Some of the industries at Upperville were: a wagon shop, a saw mill, a grist/flour mill, a cooperage/shingle mill, and a chair factory. What today is State Route 80 was in 1805 the Ithaca-Albany Turnpike. The cooperage made both dry and wet barrels. This information is from Sprague, page 104.
The basic book on the history of Smyrna was published by George A. Munson in 1905, “Early Years in Smyrna and Our First Old Home Week.” Only a page and a half are devoted to Upperville, 132-133. Munson mentions an axe factory, a grist mill, a hotel, a flax mill, and “other minor business concerns.” The “Friends’ Society” (Quaker) church and a schoolhouse are briefly described. Munson is very stingy with dates, probably because the town records were destroyed by a devastating fire on June 16, 1900, when a sizable chunk of the village burned down.

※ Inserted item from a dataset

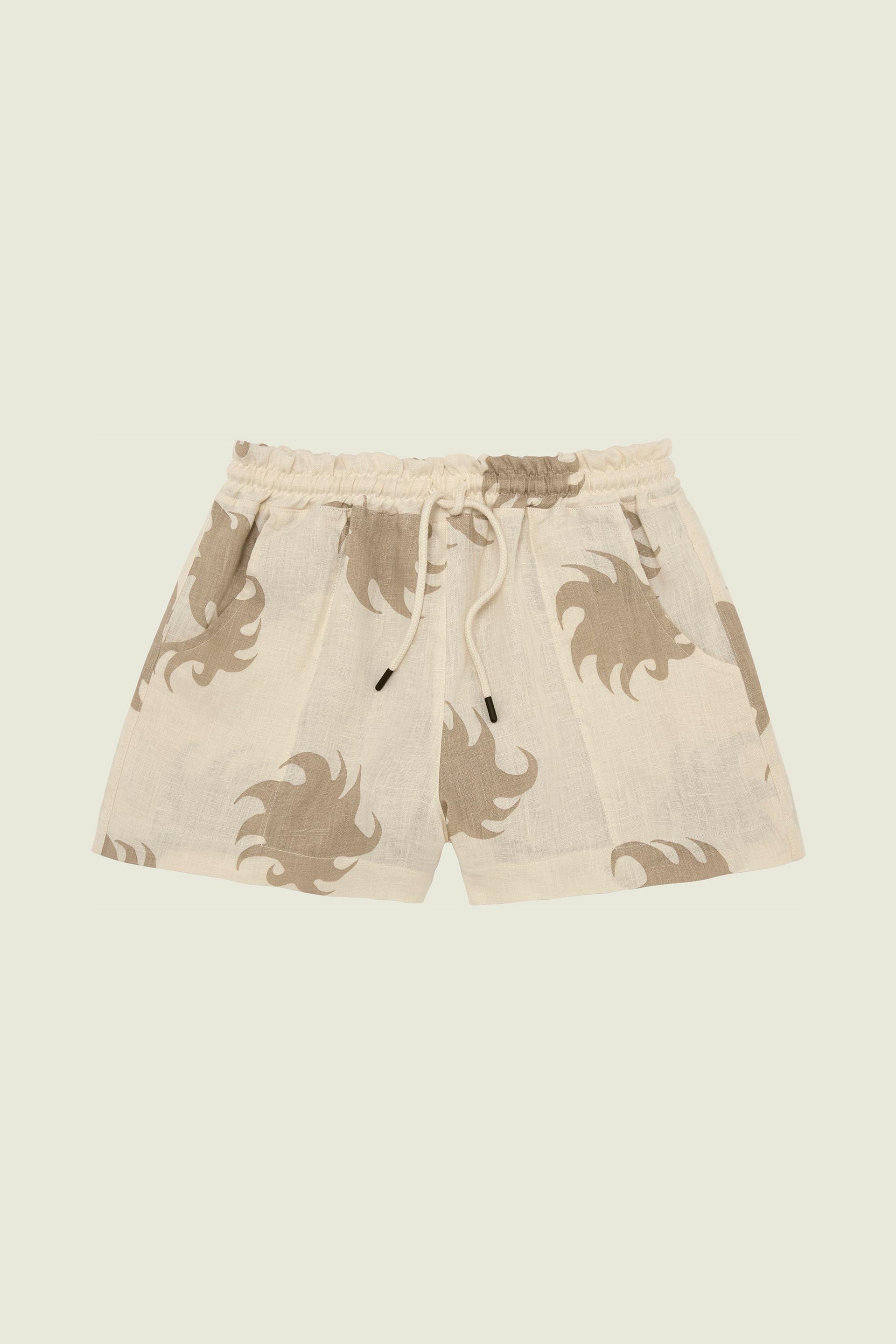 Hazel Ember Drizzle Linen Shorts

The Quaker meeting house was built in 1896-97. Details are provided by Patricia F. Scott in The Evening Sun on July 16 and 23, 2004, page 11 for both articles. Lee showed me a small, garage sized, wooden building on the southwest corner. He heard that this could have been the original Quaker church.
The Upperville Post Office operated from June 21, 1898 to October 30, 1915, according to “New York Postal History: the Post Offices and First Postmasters from 1775 to 1980,” by John L. Kay and Chester M. Smith, published in 1982 by the American Philatelic Society, page 70.
The history of Upperville is much more involved than I can get into here. It really deserves to be written as a book. Actually, the entire stretch along Pleasant Brook, the Village of Smyrna, Upperville, and the hamlet of Bonney, formed a socio-economic unit, which interacted with places near and distant. Bonney is about 200 feet higher than Upperville, a Super-Upperville as it were. In fact, they form a chain of almost equidistant settlements. Smyrna is about two and a half miles from Upperville, which is about three and a half from Bonney, which is about three miles from Otselic, which connects with another chain along State Route 26. Drive through these bucolic places today and you would never guess how vibrant and dynamic they must have been a century or two ago.